### Exercise objective
Exactly as written, return the entries below, minus any pictures.

The input Start Marker

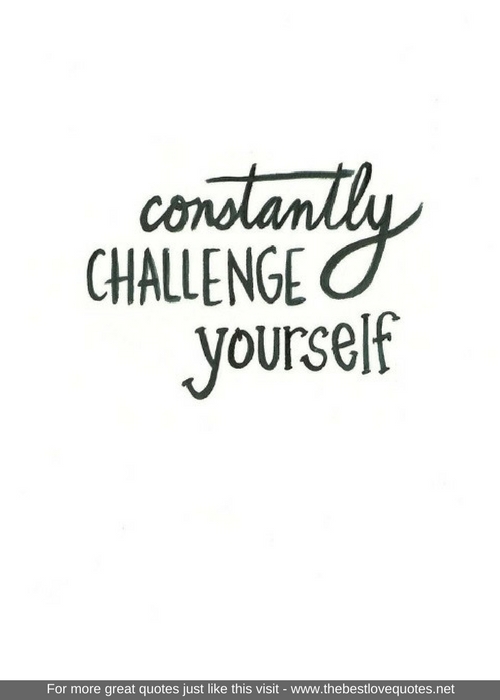 "Constantly challenge yourself"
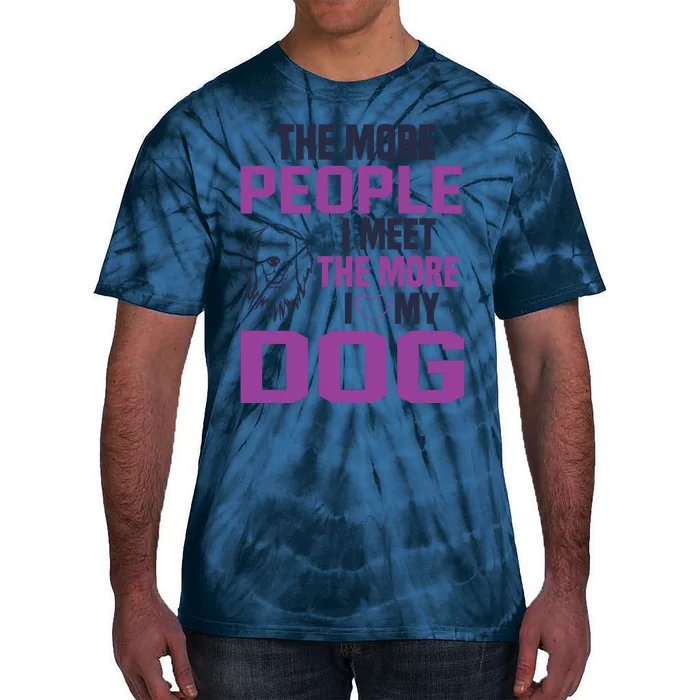 The More People I Meet The More I Love My Dog Tie-Dye T-Shirt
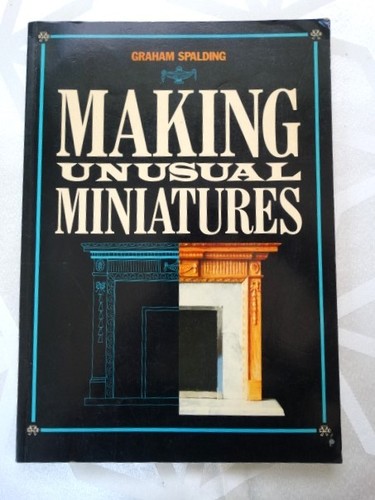 Making unusual miniatures book - unusual,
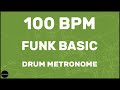 Funk Basic | Drum Metronome Loop | 100 BPM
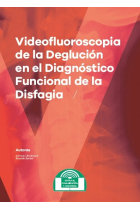 Videofluoroscopia de la Deglución en el Diagnóstico Funcional de la Disfagia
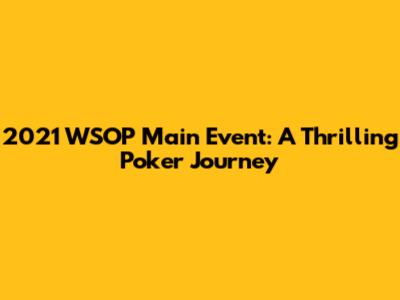 2021 WSOP Main Event: A Thrilling Poker Journey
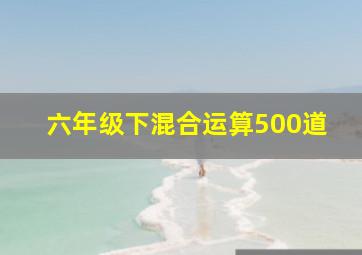 六年级下混合运算500道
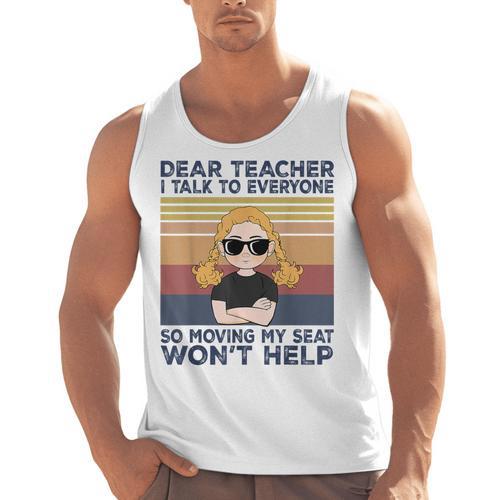 Dear Teacher I Talk To Everyone So Moving My Seat Won’t Help Men Tank Top - teacherstshirts.com AU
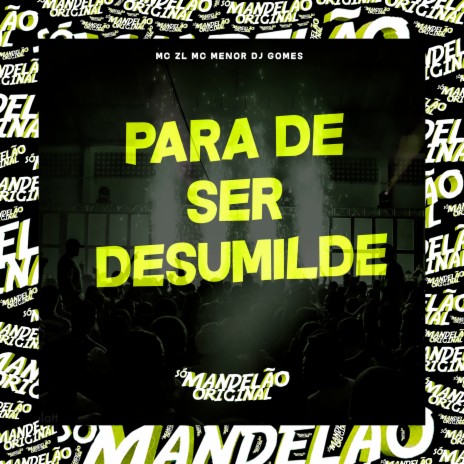 Para de Ser Desumilde ft. DJ Gomes & MC ZL | Boomplay Music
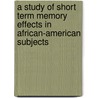 A Study Of Short Term Memory Effects In African-American Subjects by Megan Gurganious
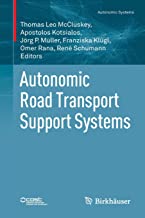 Autonomic Road Transport Support Systems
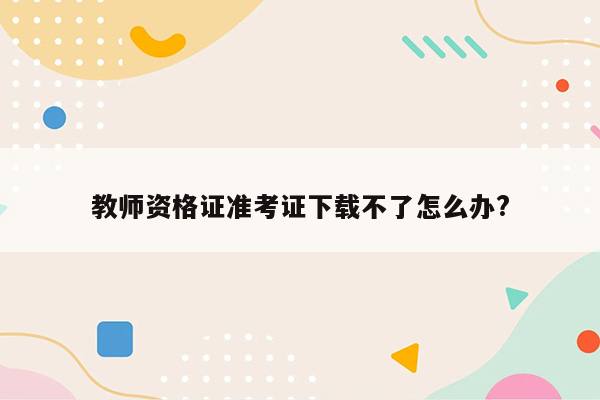 教师资格证准考证下载不了怎么办?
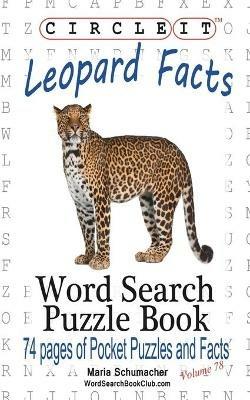 Circle It, Leopard Facts, Word Search, Puzzle Book - Lowry Global Media LLC,Maria Schumacher - cover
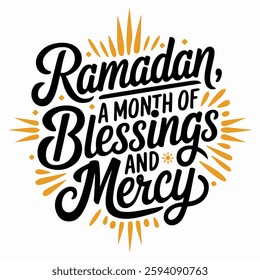 Islamic Calligraphy Vector Illustration with the Phrase 'Ramadan, a month of blessings and mercy' – Hand-Lettered Typography for Ramadan and Eid Design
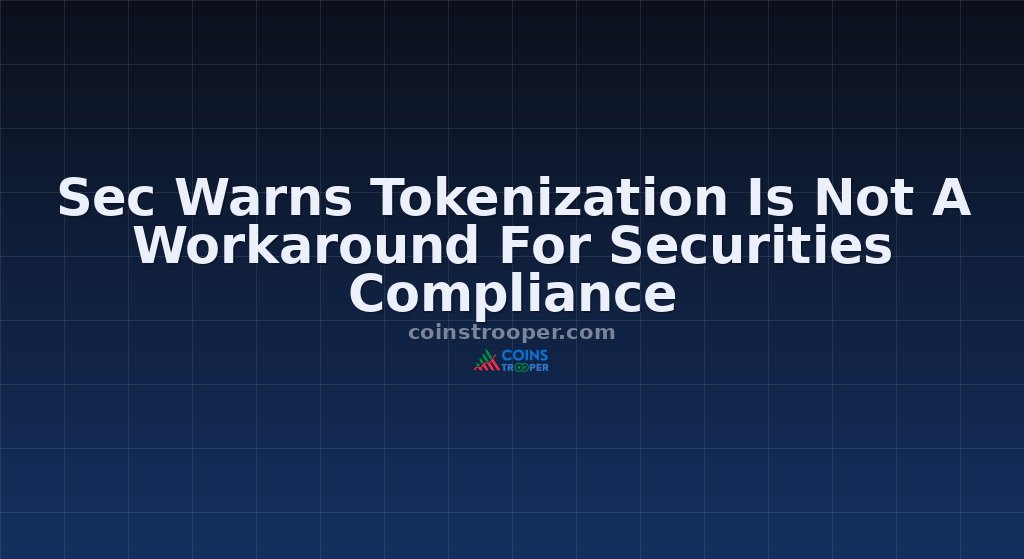 Sec Warns Tokenization Is Not A Workaround For Securities Compliance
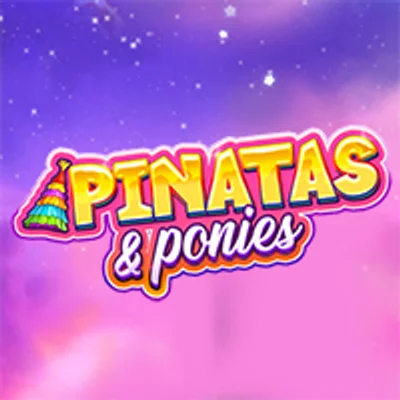 Pinatas and Ponies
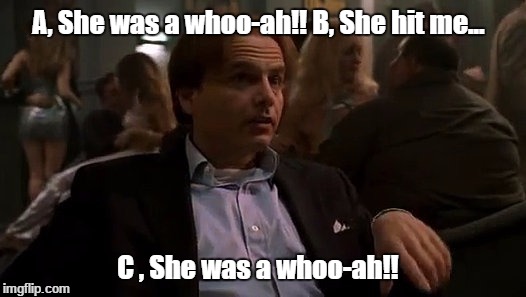 A, She was a whoo-ah!﻿! B, She hit me... C , She was a whoo-ah!! | made w/ Imgflip meme maker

The input End Marker

### Result for this task
 "Constantly challenge yourself"
 The More People I Meet The More I Love My Dog Tie-Dye T-Shirt
 Making unusual miniatures book - unusual,
 Funk Basic | Drum Metronome Loop | 100 BPM
 Videofluoroscopia de la Deglución en el Diagnóstico Funcional de la Disfagia
 2021 WSOP Main Event: A Thrilling Poker Journey
 六年级下混合运算500道
 Dear Teacher I Talk To Everyone So Moving My Seat Won’t Help Men Tank Top - teacherstshirts.com AU
 Para de Ser Desumilde ft. DJ Gomes & MC ZL | Boomplay Music
 A Study Of Short Term Memory Effects In African-American Subjects by Megan Gurganious
 Autonomic Road Transport Support Systems
 教师资格证准考证下载不了怎么办?
 Circle It, Leopard Facts, Word Search, Puzzle Book - Lowry Global Media LLC,Maria Schumacher - cover
 Islamic Calligraphy Vector Illustration with the Phrase 'Ramadan, a month of blessings and mercy' – Hand-Lettered Typography for Ramadan and Eid Design
 Sec Warns Tokenization Is Not A Workaround For Securities Compliance
 Pinatas and Ponies
 A, She was a whoo-ah!﻿! B, She hit me... C , She was a whoo-ah!! | made w/ Imgflip meme maker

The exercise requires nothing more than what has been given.